3. Security guards are positioned at Wells Fargo drive through which has a line sight of garage and 7th/Linden if the employee has a perception of danger.
Will be interesting to see how restaurants do in the Fall, summer is slow for everyone including suburbs, consumers are grilling or are on vacation. Not making excuses, like I said will be interesting to see how they are performing September through holidays.

Downtowns aren't for everyone, if the parking lot attendant was a jerk hopefully they catch on and he is let go.

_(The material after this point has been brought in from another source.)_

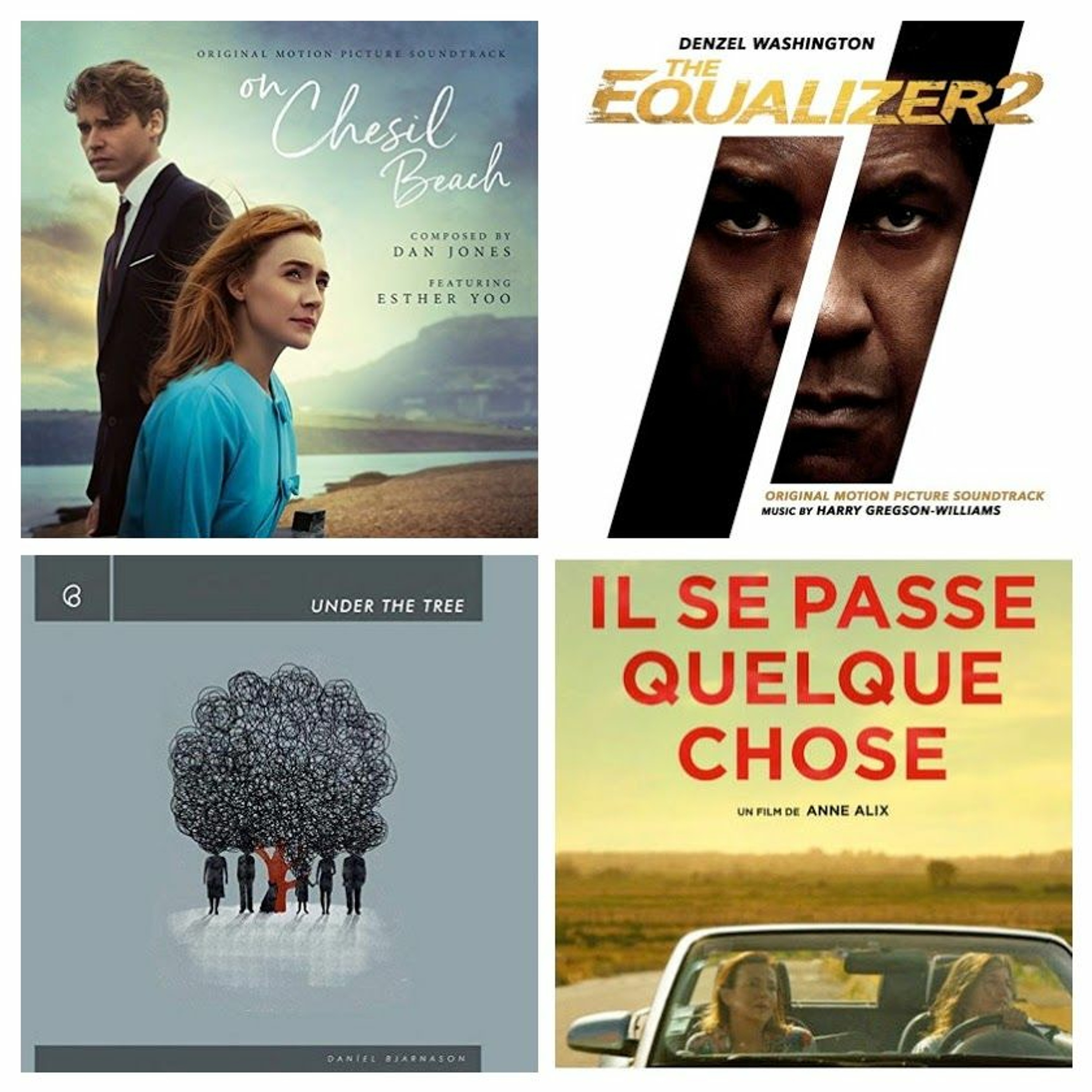 Cinezik Radio - Actualité de la Musique de Film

michael molovinsky said...

@6:37, quite an apologist. the restaurants are new, and should have the crowds for that reason. let me simply ask why is the hospital office there?

Anonymous said...

Mr. Molovinsky
Do you mean you visited downtown last Sat. night and the restaurants were almost empty?

Anonymous said...

I encountered two of the security guards a few days ago doing my first trip to the Dime.
One was a surly young man, slouched in this folding chair, who couldn't tell me where the dime was although he was 50 feet away.
The other was a charming young woman, when I asked her what she thought she motioned across the street and said," it's the third world right over there."

Anonymous said...

Can it be confirmed that many of these new restaurants are actually 'owned' by Reily, who then hires managers to run them? I am pretty sure that's the case with the Starbucks. I have a hard time believing that the former Shanty owners came out of several years of retirement to start that new downtown endeavor.

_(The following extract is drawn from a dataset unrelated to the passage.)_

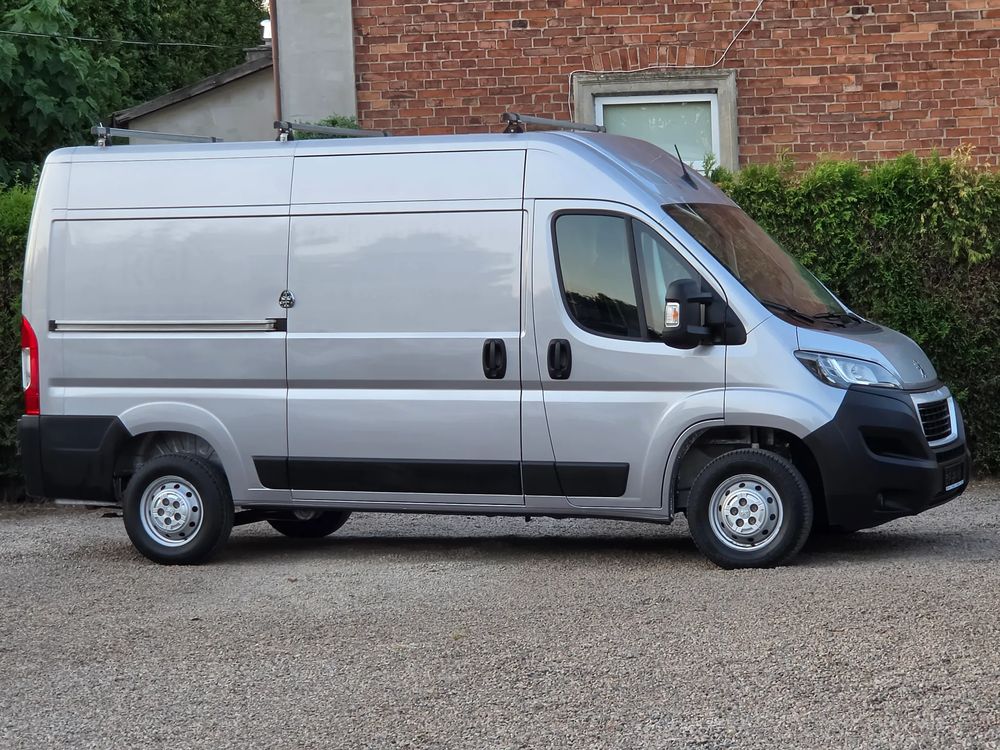 Peugeot Boxer 2022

michael molovinsky said...

@8:12, yes, as i wrote. questions which require a reply will not normally be published. this is a moderated blog, usually only printing the comments which add something to the dialogue. comments submitted in the evening will usually not appear until early the following morning, however, your readership is appreciated.

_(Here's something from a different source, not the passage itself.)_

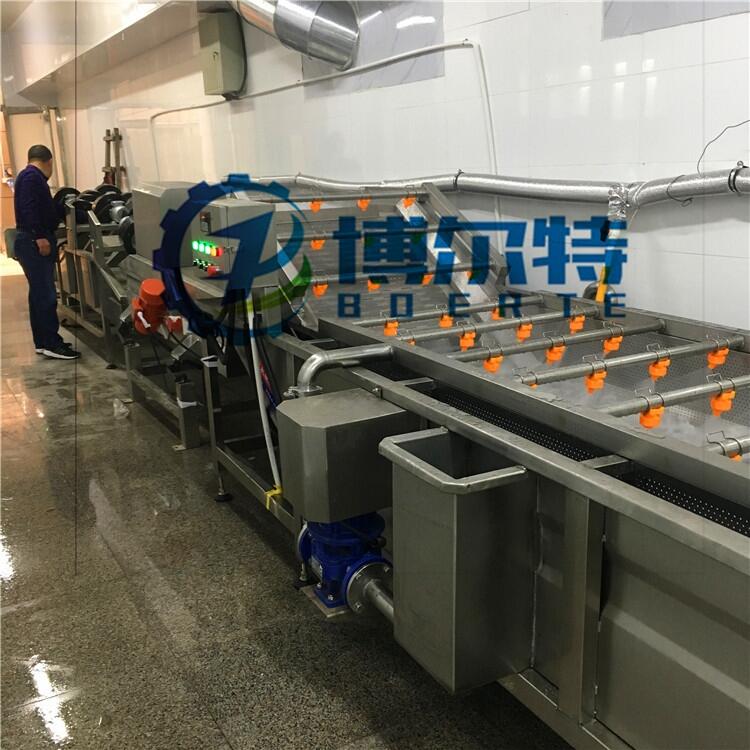 小型醬菜加工設(shè)備 泡菜加工流水線 醬腌菜生產(chǎn)線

@8:38, yes, reilly owns the starbucks franchise. also, i believe that the former shanty owner is just lending his name and reputation, not his time or money.

Anonymous said...

In reply to the fellow employee-- when I was going to Epic training, the closest lot was often "full" due to either training and/or construction of some type, therefor many of us had to park "blocks" away. We were not allowed to park directly next to/ underneath the building itself, and the Linden Street garage was the one in which I was turned away. I'm assuming the person who replied to my post is in IT or is some kind of administrator or physician, since he/she claims to be able to park there every day.
If I was able to manage a close parking spot, the closest was at the "800 block spiral deck"- and it was quite an empty hike down those multiple parking deck levels, down the empty stairwell and to the ground floor... the elevator was not working at the time...This was during the snowy season, as well, with sidewalks covered in ice. The only upside was that we were given parking pass tickets so we did not have to pay for parking. Keep in mind there are (or were) a dozen other facilities set up by LVH for employee training such as The Mack Building, the building on Downeyflake Lane... When finally reaching the correct floor/building for training, there were signs everywhere encouraging us to "walk in a groups" back to the parking decks, especially since some of the training ended at 9 or 10 at night (in the dead of winter).
As an employee who only needs to go there occasionally, I'm fairly certain the average patient would feel equally as intimidated if they were required to park in that area, let alone find the correct building to enter! My first sojourn to the area led me walking around in circles, since the signage is not helpful in the slightest. I eventually used GPS on my phone to find the actual building itself. My 70 year old mother would never agree to an appointment there on her worst day. She grew up in the Bronx, so she has no irrational fear of cities. However, the hospital is only going to lose patients like her (who pay all their medical bills) just to save money on rent.